Cientistas chineses trabalham na restauração de solos e desenvolvem placas biotecnológicas capazes de estabilizar terrenos áridos e gerar crostas biológicas em tempo recorde.

O avanço da degradação das terras áridas encontrou um novo e potente adversário tecnológico.

Uma equipe de pesquisadores da Academia Chinesa de Ciências projetou um método de restauração de solos com blocos de cianobactérias, uma espécie de “pele ecológica” pré-fabricada que permite transformar dunas de areia em terrenos estáveis e biologicamente ativos em apenas doze meses, um processo que, em condições naturais, levaria décadas para ser concluído.

A ciência por trás das crostas biológicas artificiais

O núcleo desta inovação, liderada pelo Instituto de Ecologia e Recursos do Noroeste, reside nas crostas biológicas do solo (CBS).
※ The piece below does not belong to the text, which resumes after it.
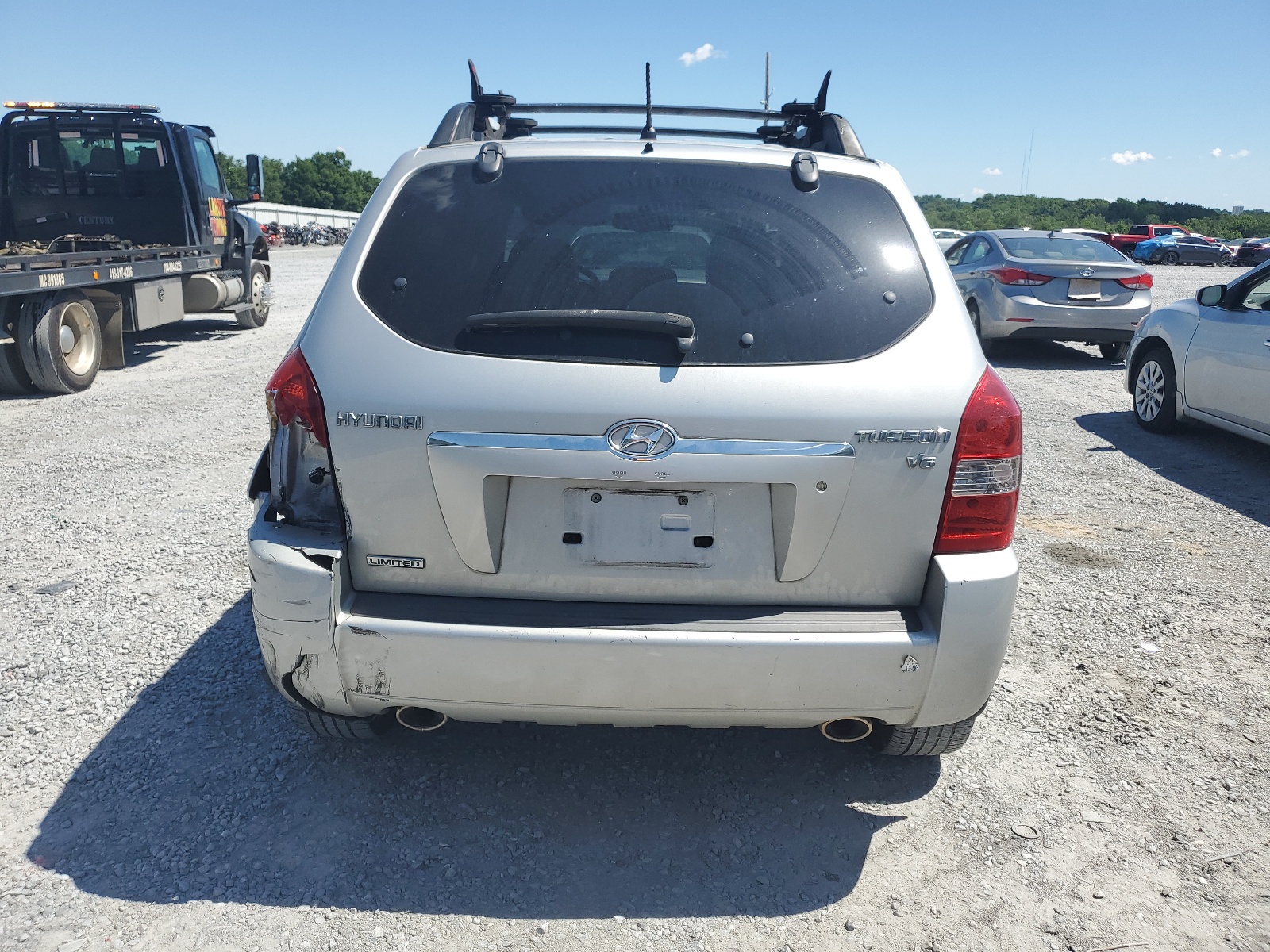 KM8JN12D98U855372 2008 Hyundai Tucson Se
Estas são comunidades orgânicas compostas por cianobactérias, algas, musgos e líquenes que atuam como um escudo protetor nas zonas áridas.

Ao contrário dos métodos tradicionais de fixação de areia —como as barreiras de palha ou os estabilizadores químicos—, esses blocos utilizam a capacidade intrínseca das cianobactérias para segregar substâncias poliméricas extracelulares (EPS).

Essas substâncias funcionam como uma cola natural que une as partículas de areia soltas, criando uma estrutura consolidada que resiste à erosão do vento e melhora a retenção de umidade.

desertificação

Uma mudança de paradigma: Da espera natural à instalação técnica

Historicamente, a formação dessas crostas naturais é um processo extremamente lento e vulnerável às condições climáticas.

A técnica chinesa rompe essa limitação mediante a criação de placas biotecnológicas de algas cultivadas em condições controladas. Esses blocos são instalados sobre o terreno como se fossem ladrilhos ou uma “pele” protetora, eliminando a fase de vulnerabilidade inicial das semeaduras por aspersão tradicionais.

Os resultados dos testes de campo demonstraram que esta restauração de solos com blocos de cianobactérias alcança uma cobertura e estabilidade equivalentes às de uma crosta natural madura em apenas um ano.

Além de frear o movimento das dunas, esses blocos iniciam um ciclo virtuoso: aumentam a fixação de nitrogênio e carbono no solo, facilitando que outras espécies vegetais possam colonizar a área a médio prazo.

Impacto ecológico e viabilidade futura

Este sistema não só se destaca por sua velocidade, mas por sua resiliência. A estrutura criada pelos cientistas do Laboratório Chave de Reabilitação de Ambientes Desérticos permite que o ecossistema artificial suporte condições de aridez extrema enquanto recupera funções ecossistêmicas críticas.

Ao atuar como uma barreira física e biológica, reduz-se drasticamente a perda de nutrientes e fomenta-se a biodiversidade microbiológica do subsolo.

A implementação desta “pele ecológica” representa um marco na engenharia ambiental, oferecendo uma solução escalável e sustentável para os países que enfrentam a ameaça da desertificação, um fenômeno que afeta a segurança alimentar e climática a nível global.